Fear Is the Key
- First edition cover (UK)
- Author: Alistair MacLean
- Cover artist: John Keay
- Language: English
- Genre: Thriller novel
- Publisher: Collins (UK) Fawcett (US)
- Publication date: 1961
- Publication place: United Kingdom
- Pages: 234 pp.
- Preceded by: The Last Frontier
- Followed by: The Dark Crusader

= Fear Is the Key (novel) =

1961 novel by Alistair MacLean

Fear Is the Key is a 1961 first-person narrative thriller novel by Scottish author Alistair MacLean.

==Plot introduction==
In the prologue, set in May 1958, John Talbot, owner of Trans Carib Air Charter Co, is at an airfield in British Honduras, awaiting radio contact with one of his aircraft en route to Tampa, Florida, which is being piloted by his twin brother and in which his wife and baby son are passengers. Not long after he establishes contact the aircraft is attacked by a P-51 Mustang, after which all contact is lost.

Two years later Talbot is on trial for robbing a bank. At a point where his guilt is in doubt, new information comes to light implicating him in the death of a police officer. Now desperate, he escapes by taking a young woman hostage from the court room and stealing a car. However, he is tracked down by a private detective, Herman Jablonski, who reveals that the young woman is Mary Ruthven, daughter of oil millionaire General Ruthven. Jablonski turns Talbot over to the General and his three business associates - Vyland, Royale and Larry (Vyland’s drug-addict son) - who, instead of turning him over to the police, hire him for an unspecified task, retaining Jablonski to keep him under guard.
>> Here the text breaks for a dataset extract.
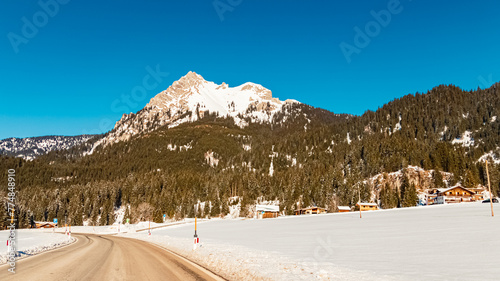 Alpine view on a sunny winter day at Graen, Tannheimer Tal valley, Reutte, Tyrol, Austria photo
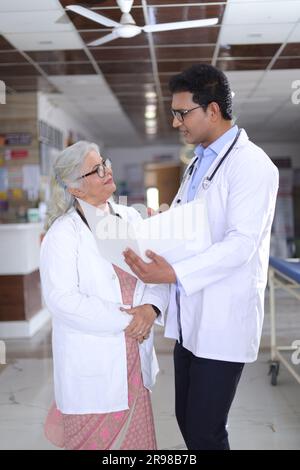 Femme médecin âgée et jeune homme médecin. Médecin lisant le rapport du patient sur la paperasse ou le document médical. Banque D'Images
In a plot reveal, we discover that Talbot and Jablonski, a former police officer, have engineered the scenario, for reasons as yet unknown. Talbot slips out of the General's house and travels to an oil platform in the Gulf of Mexico, searching it for signs of something out of the ordinary. On
his return he finds Royale and Larry burying something in the grounds of the General's house. After they have finished he discovers that they were burying Jablonski's body and, now needing another ally, persuades Ruthven's British chauffeur, Kennedy, to help him.

Talbot returns to the house and next day is taken to the oil platform, where he finds that Ruthven and his associates need Talbot to operate a submersible. Talbot carries out another reconnaissance of the platform, in the process killing Larry who had been suspicious of him. Managing to avoid further discovery, he and the remaining two associates use the submersible to investigate the wreck of a DC-3. Talbot turns the tables on his captors, revealing that the wrecked aircraft contains the bodies of his family. The aircraft was shot down by Vyland's associates in order to steal its cargo of gold; they have been threatening the General and his family to force him to provide the necessary resources. Talbot has been working for the authorities all along and convinces Vyland and Royale that, after temporarily disconnecting the submersible’s oxygen supply, he is now ready to die on the ocean floor beside his family, eliciting a terror-stricken confession from the two men, their fear of death being the key that unlocks the confession, which is relayed to witnesses on the oil platform. Talbot then returns to the oil platform, where Vyland throws himself to his death from a ladder. Royale survives to be tried and sentenced to death, Mary and Kennedy end up together and Talbot, politely turning down General Ruthven's offer of any reward of his choosing, walks off alone.

==Film, TV or theatrical adaptations==

A film appeared in 1972 directed by Michael Tuchner. The protagonist, Talbot, was played by Barry Newman, and the millionaire's daughter Sarah Ruthven by Suzy Kendall. The movie features a soundtrack by Roy Budd.

==References in other media==
Suite: Judy Blue Eyes, by Crosby, Stills and Nash, contains the lyric "Fear is the lock, and laughter the key to your heart."